Fair Warning presents every lovable facet of Van Halen in one quick package. From the opening blitzkrieg riff of “Mean Street” to the manic panic rumble of “One Foot Out the Door,” it’s all here: David Lee Roth’s hilarious, incoherent ramblings and gratuitous screeches, Eddie Van Halen’s gold standard avant-garde fretwork, and the rhythm section’s loose and tight groove that meshes behind-the-beat funk with hard rock’s cataclysmic wallop. The songs are particularly strong. The arrogant swagger of “Sinner’s Swing!” the heart-dropping melodicism of Eddie’s guitar work throughout “Hear About it Later,” the tongue-in-cheek taunting at the heart of “Unchained,” and the bizarre, haunting synthesizer churn of “Sunday Afternoon in the Park,” this is rock n’ roll as one breathless rollercoaster ride. With the absence of a hit single, it is sometimes overlooked, but rest assured Fair Warning is one of the most original and exciting releases of the 1980s.
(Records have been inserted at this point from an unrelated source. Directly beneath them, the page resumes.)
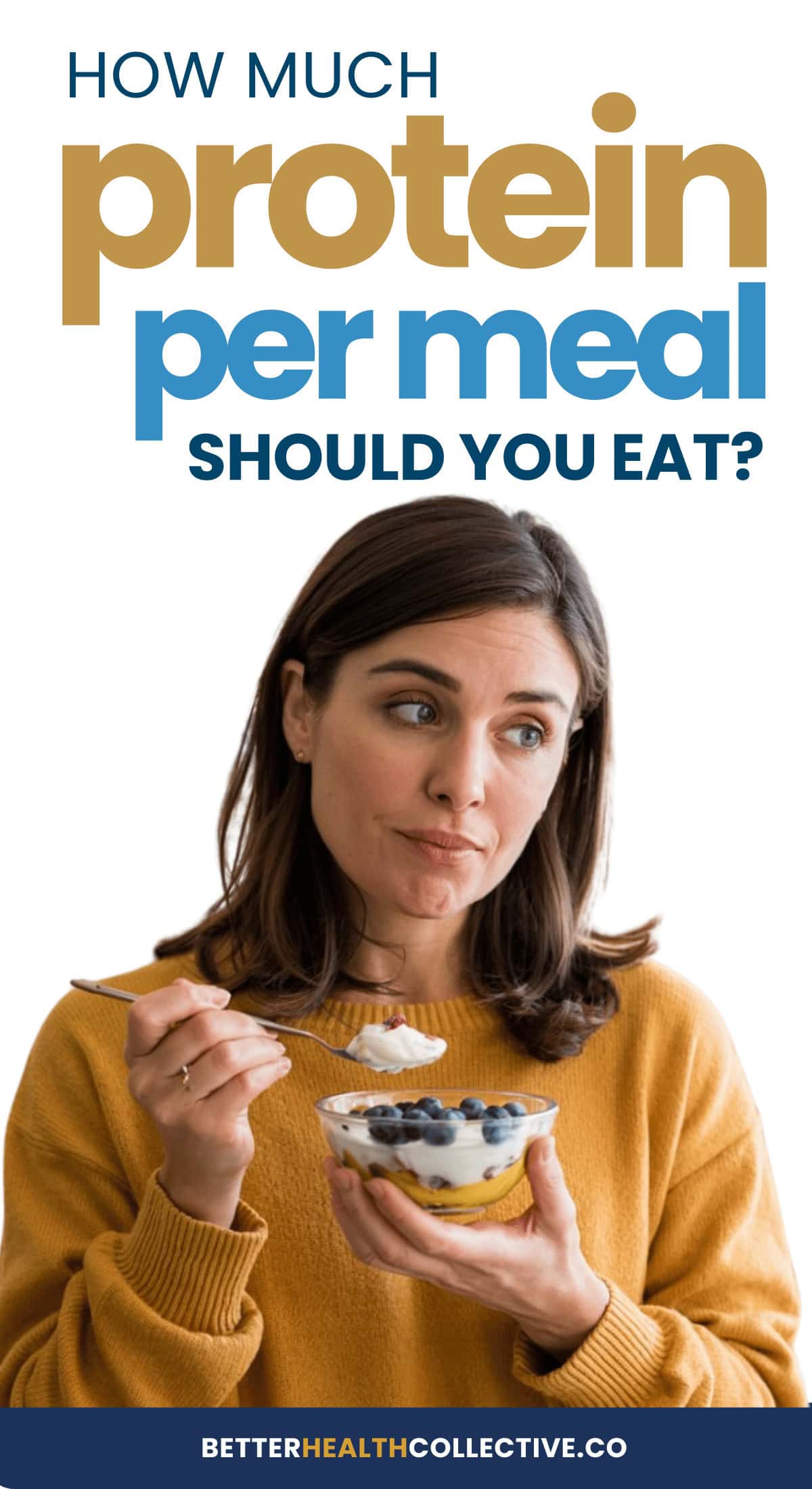 A woman in a mustard sweater holds a bowl of yogurt with blueberries and looks thoughtful. Text above asks, “How much protein should you eat per meal?” and the website “betterhealthcollective.co” appears below.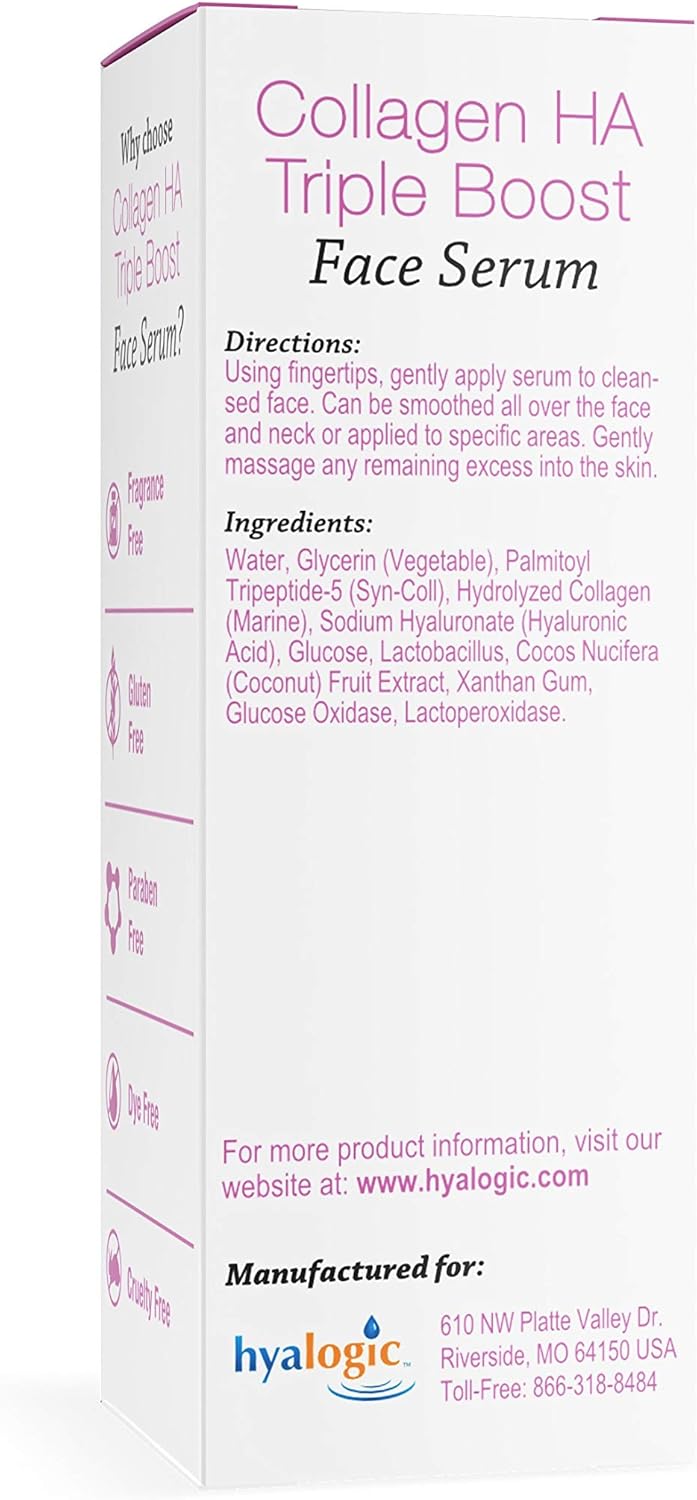 Hyalogic HA Collagen Serum - Triple Boost Face for Skin Care - Peptides for Face, Youthful Firmness & Elasticity Boost, Fragrance & Paraben Free Marine 0.47 FL OZ - Image 2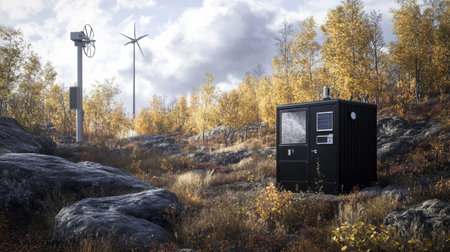 Outdoor science lab with weather instruments, wind turbine, and solar cells on nearby structureの素材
Never-before-seen lyric sheets!
We have unearthed David Lee Roth’s handwritten lyrics for the first 7 songs on the album. Note that three songs on Fair Warning had different working titles than the titles that ended up on the album!
View these lyrics by clicking on the song links at the top of this page.
Torn between his new domestic bliss and a helter-skelter career in Van Halen, Eddie grew disillusioned. Much of this album was written in the early morning hours when Eddie and Donn Landee would retreat to the studio after the rest of the band had gone home. This practice signaled a turning point in Van Halen’s career, Edward was becoming increasingly frustrated about not being able to express himself the way he wanted to; he felt he was growing musically but was being suppressed by Ted Templeman and Roth. Tensions between the guitarist and the vocalist increased, and Edward briefly considered quitting the band. Alex convinced him to stick it out, and Fair Warning was the result. However, the anger and unhappiness comes through in the music, giving the album its dark undertones. “On the whole album I was angry, frustrated, and loose,” Eddie admitted.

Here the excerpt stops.